Eine Rückschau ins Schreckenskabinett

von Christine Schweitzer

Die Friedensbewegung kann nächstes Jahr auf ihr zehnjähriges Bestehen zurückblicken, wenn wir als Stichdatum den NATO-Doppelbeschluß von 1979 nehmen wollen. Grund genug, einmal Rückschau zu halten auf die militärstrategisehen Planungen, die uns in diesen zehn Jahren beschäftigt haben.

In einem doppelten Sinne wurde "der Sieg ist möglich" zu einem Leitmotiv der jungen Anti-Raketen-Bewegung. Der Sieg schien möglich gegen die Realisierung der Stationierung - und daß er dann doch nicht möglich war, bedeutete den ersten Einbruch in die Bewegung. "Der Sieg ist möglich" war aber auch der Titel eines Aufsatzes, in dem die zukünftige US-Aufrüstungspolitik beschrieben wurde:
"Ein Atomkrieg ist möglich. Die Erkenntnis, daß ein Krieg auf jeder Ebene der Auseinandersetzung gewonnen oder verloren werden kann, ist für eine intelligente Verteidigungsplanung essentiell. Eine Kombination von offensivem Entwaffnungsschlag, Zivilschutz und einem Abwehrsystem ge-gen ballistische Raketen bzw. Luftabwehr müßten die US-Verluste so niedrig halten, daß ein nationales überleben und Wiederaufbau möglich sind." Da dieser Aufsatz nicht alleine stand - nicht nur bekamen seine Autoren wichtige Aufgaben in der Administration des neuen, als Scharfmacher bekannten US-Präsidenten, sondern auch zahlreiche Zitate von Bush, Weinberger und Reagan selbst belegte, daß die Zeit der Entspannung vorläufig vorbei war schien die Drohung eines Dritten Weltkrieges auf einmal hautnah herangerückt.

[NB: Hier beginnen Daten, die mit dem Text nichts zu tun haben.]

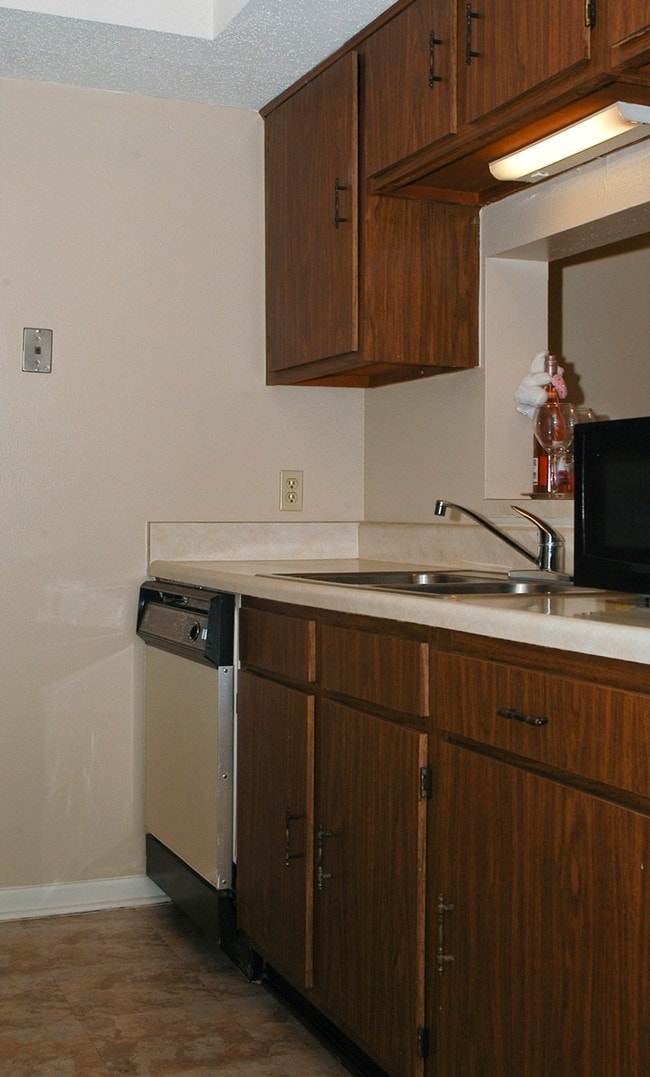 Belle Terre Village Apartments in La Place, LA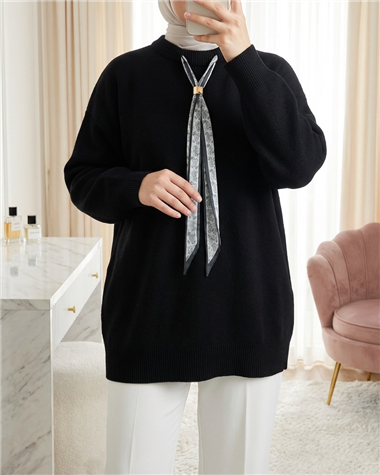 Yuvarlak Yaka Fularlı Salaş Triko Tunik    -Siyah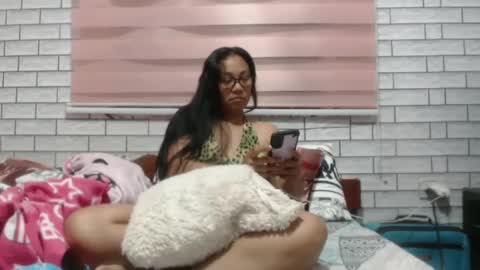 Snapshot of lovelyquey chatting on January 6, 2025, 8:18 pm Angelquey online show from January 6, 2025, 8:18 pm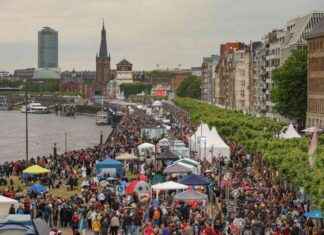 Japan-Tag Düsseldorf: 380.000 Besucher trotz schlechtem Wetter japan-tag-dsseldorf-380000-besucher-trotz-schlechtem-wetter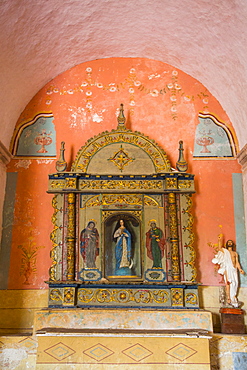 Retablo, Church of the Virgen de la Asuncion (formerly a convent), Route of the Convents, Mama, Yucatan, Mexico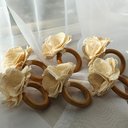 Ver imagem 7 de Kit Anel Porta Guardanapo Artesanal Flor Cru 6 Peças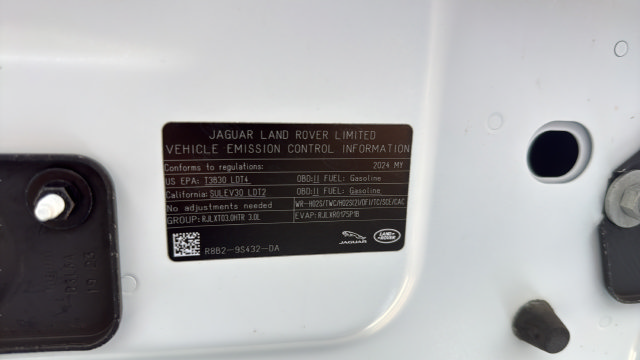 Used 2024 Land Rover Defender 130 X-Dynamic SE AWD/4WD image 29
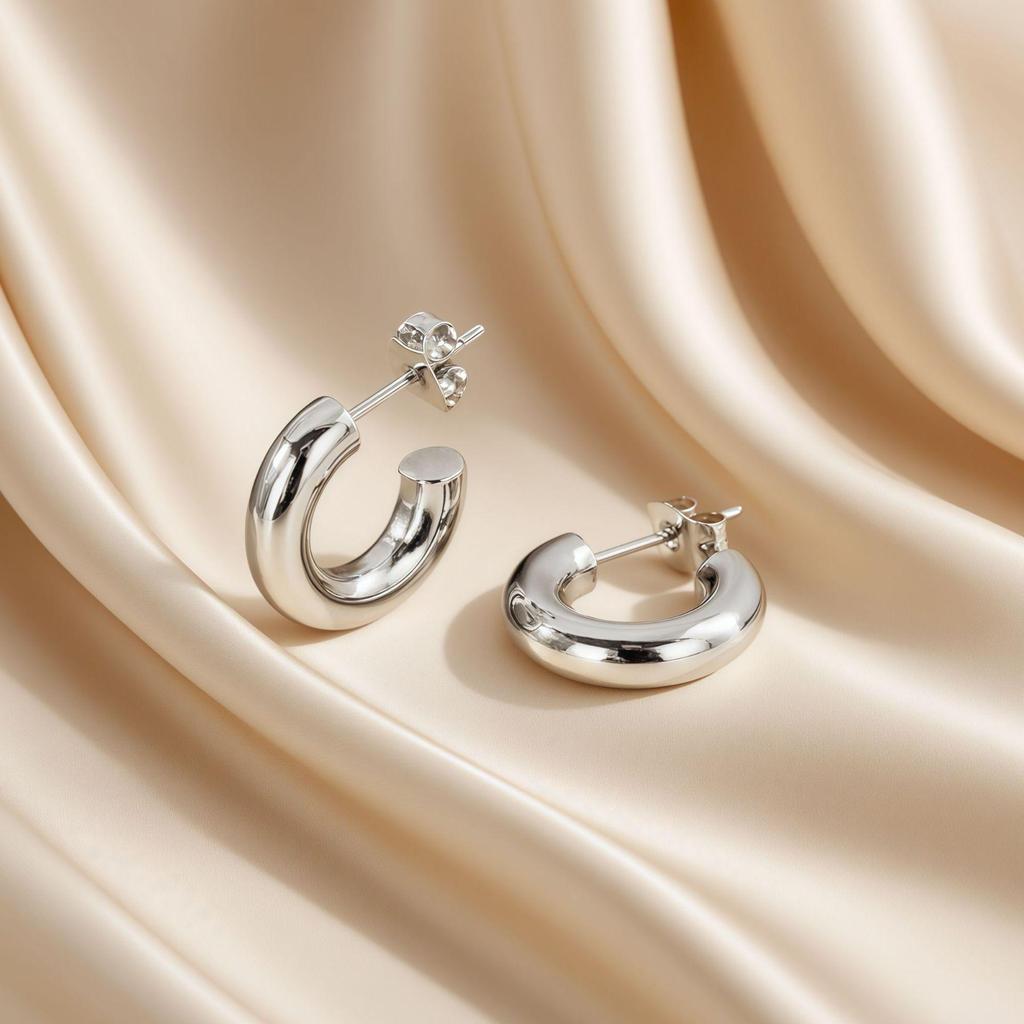European American Classic Smooth C-Shaped Hoop Titanium Steel Retro Earrings for Women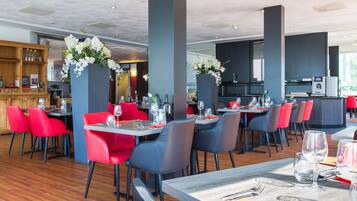 Daily buffet breakfast (EUR 18.25 per person)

Abschreckung durch Vergeltung 
Nachdem bereits zweimal in diesem Jahrhundert die Abschreckung durch scheinbar mehr und bessere Waffen versagt hatte, meinte man Mitte der fünfziger Jahre ein todsicheres Konzept gefunden zu haben: Die Abschreckung durch massive Vergeltung mit Atomwaffen. Sie wurde sehr schnell unglaubwürdig, weil es unrealistisch schien, daß jeder lokal begrenzte Konflikt zum atomaren Inferno führen würde. Um die Drohung mit. der gegenseitig zugesicherten Zerstörung glaubhaft zu machen, bauten daher beide Seiten ihre Waffensysteme aus und differenzierten sie: Es begann die Entwicklung von Kurz- und Mittelstreckenwaffen. Seit 1967 bekennt sich die NATO zur Strategie der Flexiblen Reaktion, deren entscheidendes Merkmal die Ungewißheit ist, in der sie den ankommenden Gegner läßt, mit welchen Waffen und auf welcher Eskalationsebene zurückgeschlagen wird. Sie sieht dreierlei militärische Reaktionen vor; die je nach Lage  nacheinander oder gleichzeitig möglich sind3: die "Direktverteidigung" auf der militärischen Stufe des Konflikts, die der Angreifer gewählt hat, die ''vorbedachte Eskalation" durch den 'politisch kontrollierten selektiven Einsatz nuklearer Waffen' und die "Allgemeine nukleare Reaktion", den Angriff gegen das strategische Potential des Gegners. Doch diese Strategie reicht den Militärs inzwischen auch nicht mehr aus:  Auf eine verhängnisvolle Weise war es nur logisch, wenn ihnen Abschreckung nur noch dadurch glaubhaft zu machen scheint, daß man einen Krieg auch führen und gewinnen kann.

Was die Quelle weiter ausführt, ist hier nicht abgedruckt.